## Work item
Extract, exactly as written, each line from the start of the records below to the line containing "Ratusan Umat Muslim", both ends included; drop the pictures.

[Short web captions]

****************

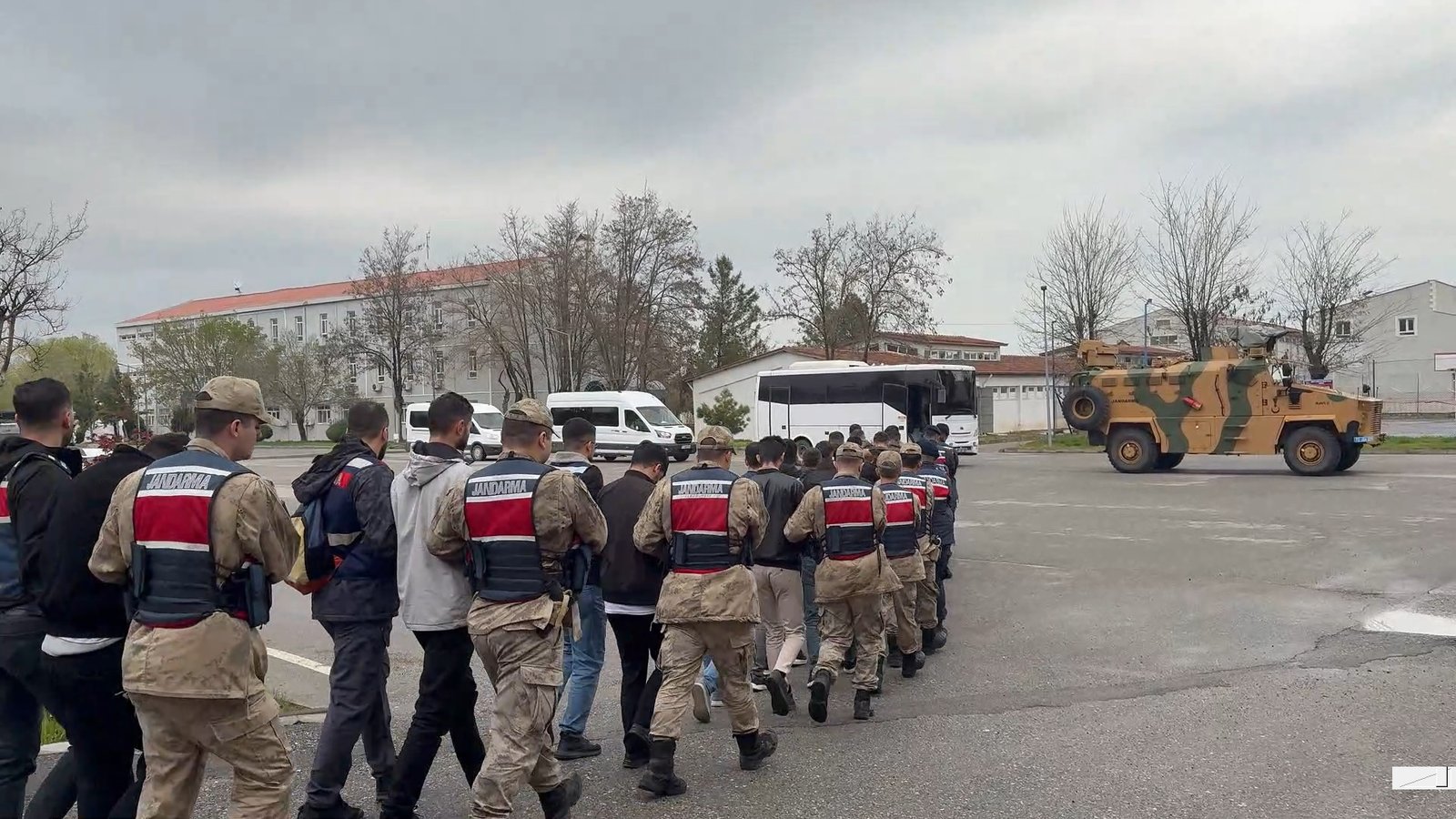 ANKARA, (DHA)-JANDARMA Genel Komutanlığı, Batman merkezli 6 ilde 'Suç işlemek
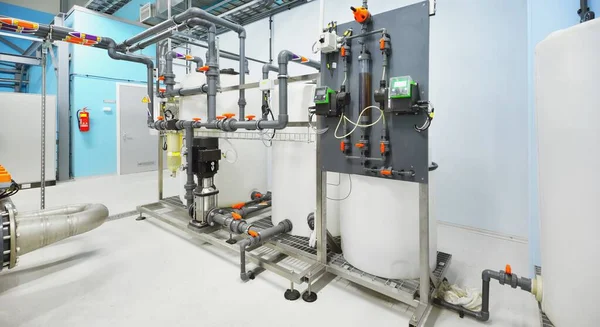 Ters osmoz su arıtma istasyonundaki su kalite kontrol ünitesi. Teknoloji, kimya, ısıtma, iş güvenliği, arz, altyapı
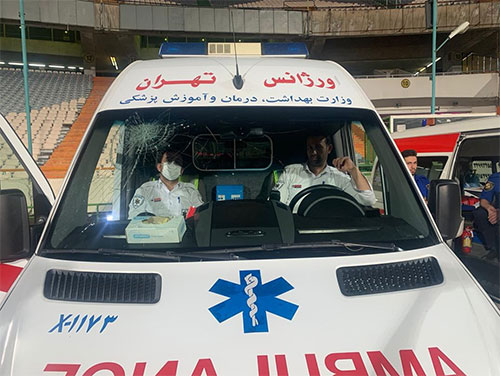 مسعود شجاعی شیشه آمبولانس را شکست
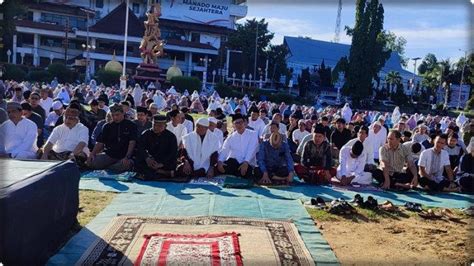 Ratusan Umat Muslim Gelar Shalat Idul Adha Di Lapangan Sparta Tikala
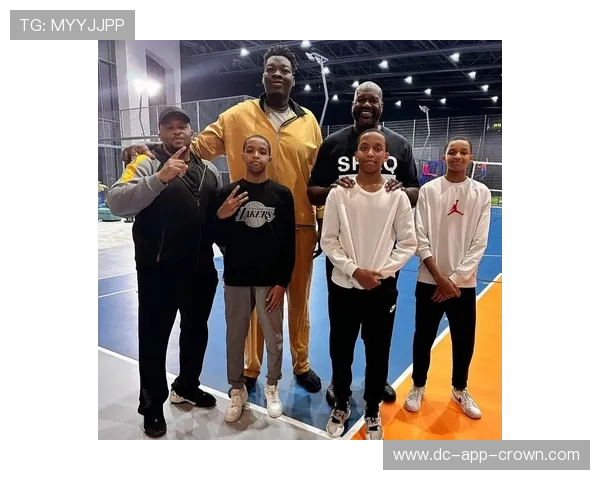 姚明家里那车库跟展厅似的，这日子谁顶得住啊？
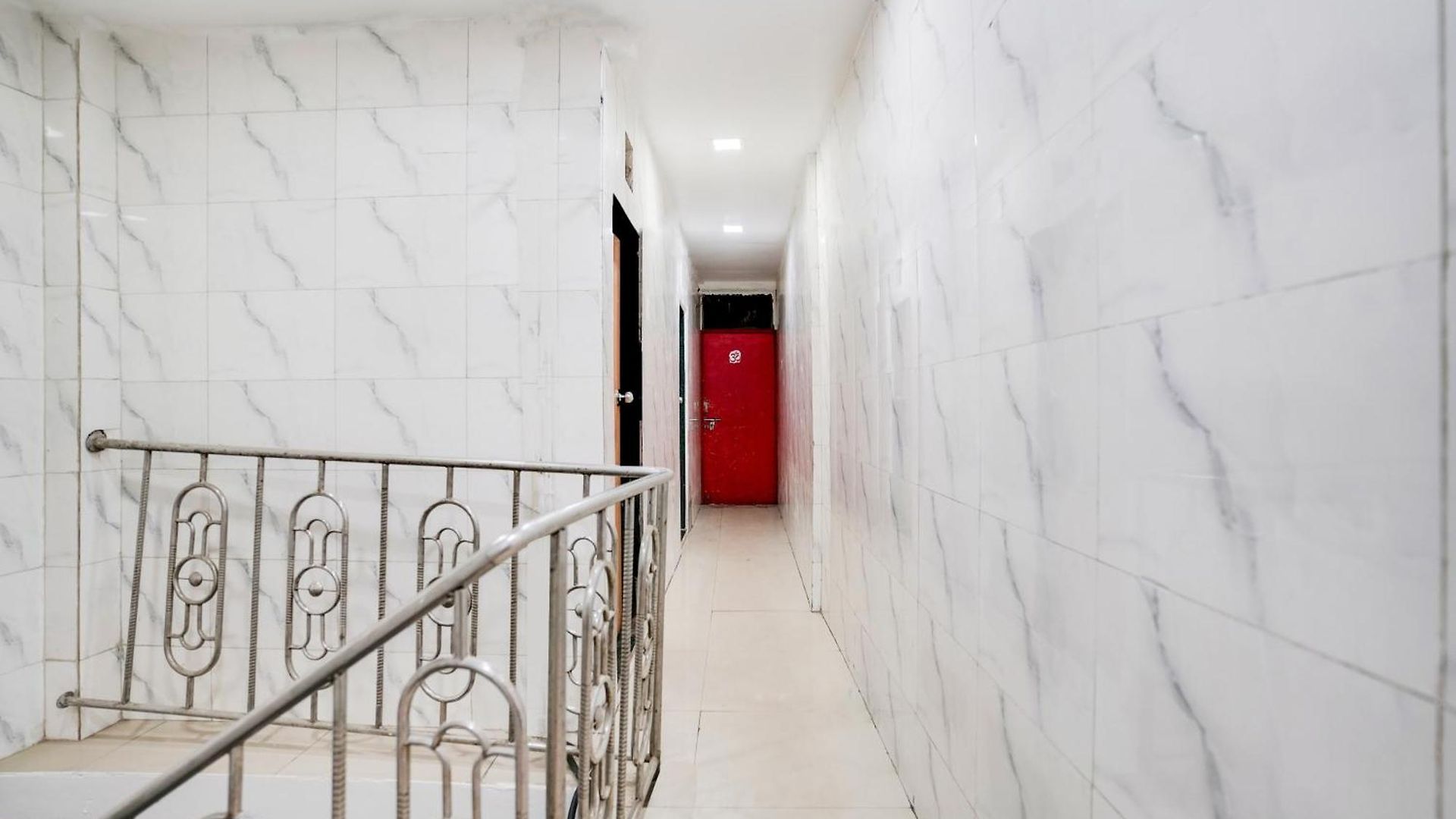 Hotel O Om Sai Palace 3*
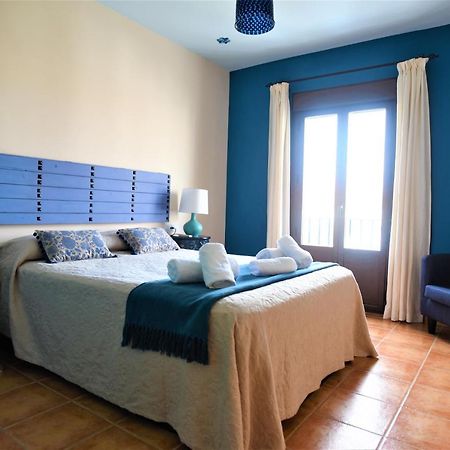 Casa Rural Blue Moon Guest House Cazalla de la Sierra Bagian luar foto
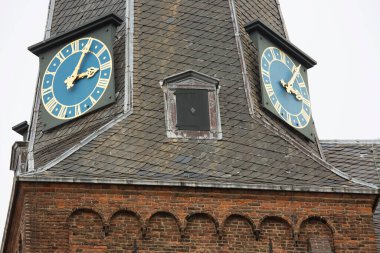 Weesp şehrinin gündüz mimarisi, Hollanda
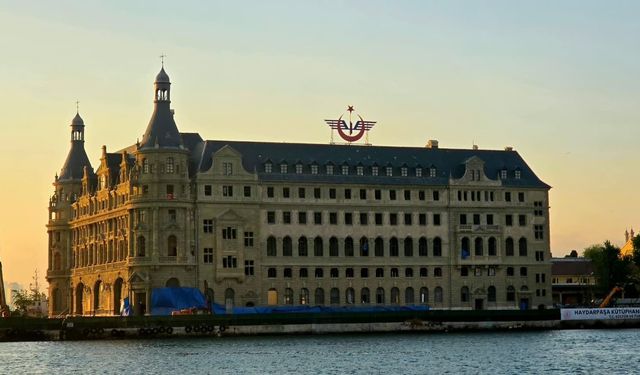 Haydarpaşa'da iskeleler kalktı, tarihi siluetteki yerini aldı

****************

## Response
 ANKARA, (DHA)-JANDARMA Genel Komutanlığı, Batman merkezli 6 ilde 'Suç işlemek
 Ters osmoz su arıtma istasyonundaki su kalite kontrol ünitesi. Teknoloji, kimya, ısıtma, iş güvenliği, arz, altyapı
 مسعود شجاعی شیشه آمبولانس را شکست
 Ratusan Umat Muslim Gelar Shalat Idul Adha Di Lapangan Sparta Tikala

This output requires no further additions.